Bitcoin and other non-inflationary proof-of-work coins need to switch to proof-of-stake if they want any hope of longevity.
Every week you pick up your 10kg block of bauxite and exchange it for aluminum.
Not sure how much byproduct heat is actually involved though...
SETI@home doesn't pay.
When it finally slows down (if ever) what will all of that hardware be used for?
From a heating perspective, there is basically zero demand for the kind of year-round low-quality heating a data center can produce. From a computing perspective, rare and uncontrollable bursts of computing power aren't desirable either and is a waste of hardware.
The article should be considered an edge case. The author already had hardware lying around for free and required zero usable computation. An in-ground heat buffer wasn't an option. Longevity of the hardware was irrelevant. Heat demand was quite small.
Does it work for a single person? Sure, why not! Will it work on a city-wide scale? Highly unlikely.
I live in Europe and I would say that heating IS life or death problem whereas cooling isn't.

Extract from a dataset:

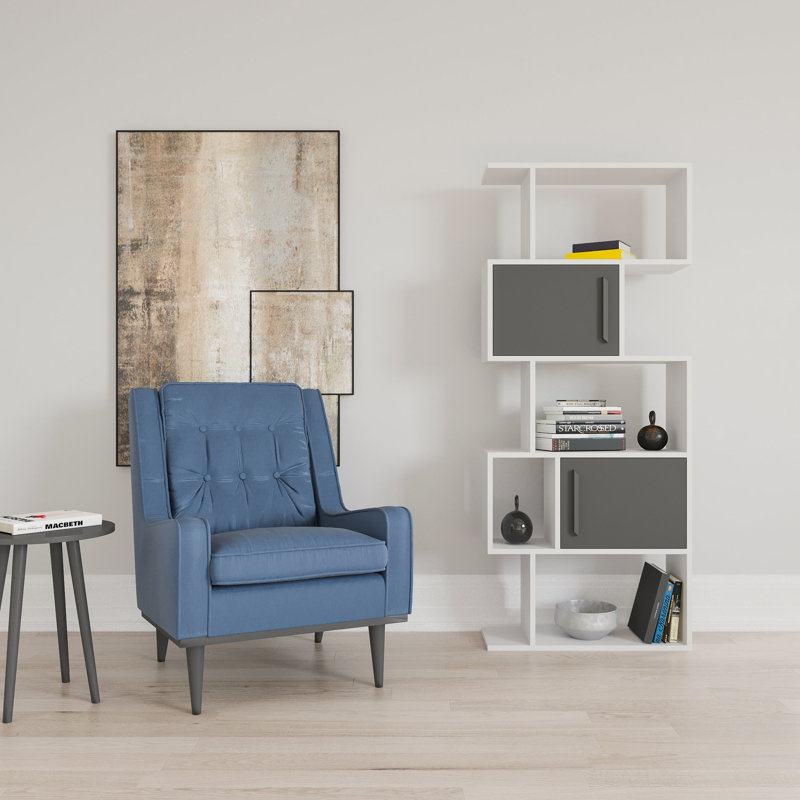 172.7cm H Baptistin Geometric Bookcase, White/Anthracite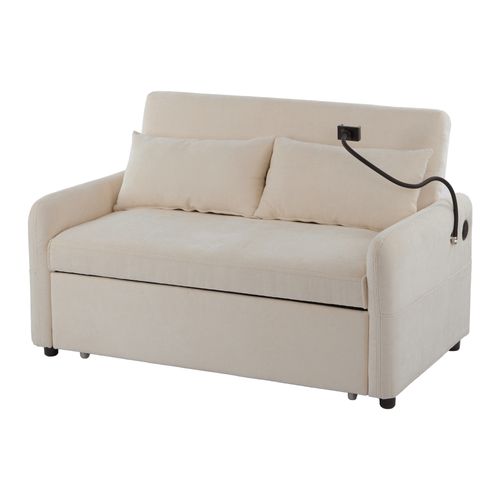 Canapé Convertible 2 Places Avec 1 Port USB Chenille Beige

See, there is this thing that is called hypothermia and if you take a look at the map and find where it is possible to die of hypothermia vs where it is possible to die of overheating, the number of people that live in places that require heating is much more than number of people that live in places that require cooling.
That may change in the future.
You know, humanity has this huge issue of CO2 in atmosphere, maybe you have heard of it?

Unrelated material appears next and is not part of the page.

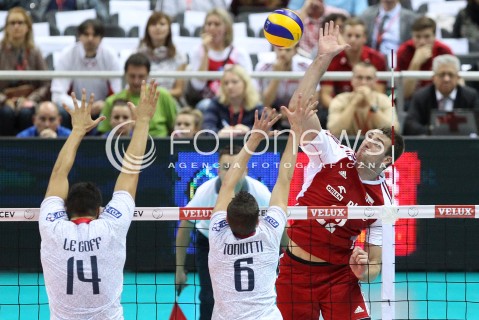  21.09.2013 GDANSK ERGO ARENA<br />SIATKOWKA MEZCZYZN<br />MISTRZOSTWA EUROPY W SIATKOWCE MEZCZYZN 2013 CEV VELUX<br />VOLLEYBALL EUROPEAN CHAMPIONSHIP MEN 2013 - FINAL ROUND <br />GRUPA B ( GROUP B )<br />FRANCJA - POLSKA ( FRANCE - POLAND )<br />N/Z GRZEGORZ BOCIEK NICOLAS LE GOFF BENJAMIN TONIUTTI <br />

We are building more and more renewable sources, but cryptocurrency mining is countering these benefits to a considerable extent.
Additionally, even if we are able to produce 100% energy from renewable sources it still requires energy to scrub carbon from our atmosphere and so any energy put in bitcoin could be used for like saving our planet.
yes, it is exhausting
Miners are required to provable expend effort in order to become eligible to produce a block. 2nd law of thermodynamics as core security mechanism, as it cannot be reversed.

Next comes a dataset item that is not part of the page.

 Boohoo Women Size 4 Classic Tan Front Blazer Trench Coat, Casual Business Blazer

If you were to improve efficiency by routing excess heat for other purposes, it will gradually spread across the entire mining industry, and eventually you end up right where we started.
And that for something that’s almost exclusively used for speculation, because for anything else transactions costs are too high...
Hell, dont pay people, if I was mining and it was similar costs to donate the wasted energy I’d do it.
What matters is the % of miners that are honest. (See bitcoin.pdf)
High hashrate just means higher difficulty. (The difficulty controls the average time between blocks, so it's always targeting to be 10 min on average).
Also, for heating your home, mining bitcoin could end you up with a loss. For example, your heater needs an internet connection, and your heater is will become out-of-date very quickly as new more advanced bitcoin mining gear becomes available. You would also need to have your heater on 24/7 to break even, this it will cost you to turn off the mining heater due to warm weather or to cool it.
Not to mention the noise.
Honesty isn’t the issue, collusion is. The entire concept of Bitcoin assumes dishonest players.
The only real attack is for miners to combine hash power to get over 50% of the network hash rate so they can execute double spends - and even that is self defeating as doing so degrades confidence and by extension price.
They've happened on smaller chains that don't have much hash power attached to them, but even there, they're caught very quickly.
What is more secure in your view?
hashrate is absolutely necessary for high security.
Section 6 about incentives discusses about why nodes may be honest rather than collude to attack the system. This is the main pillar of bitcoin's security.
LOL... this is the most ridiculous claim I've heard about crypto-mining yet. Might as well buy a truck-full of wine glasses, break them and use the shards of broken glass to prove that I've "expended effort". Now we're using the asymmetry of time itself as a security mechanism. Come to think of it, that may be actually less wasteful than burning the electricity to mine Bitcoin.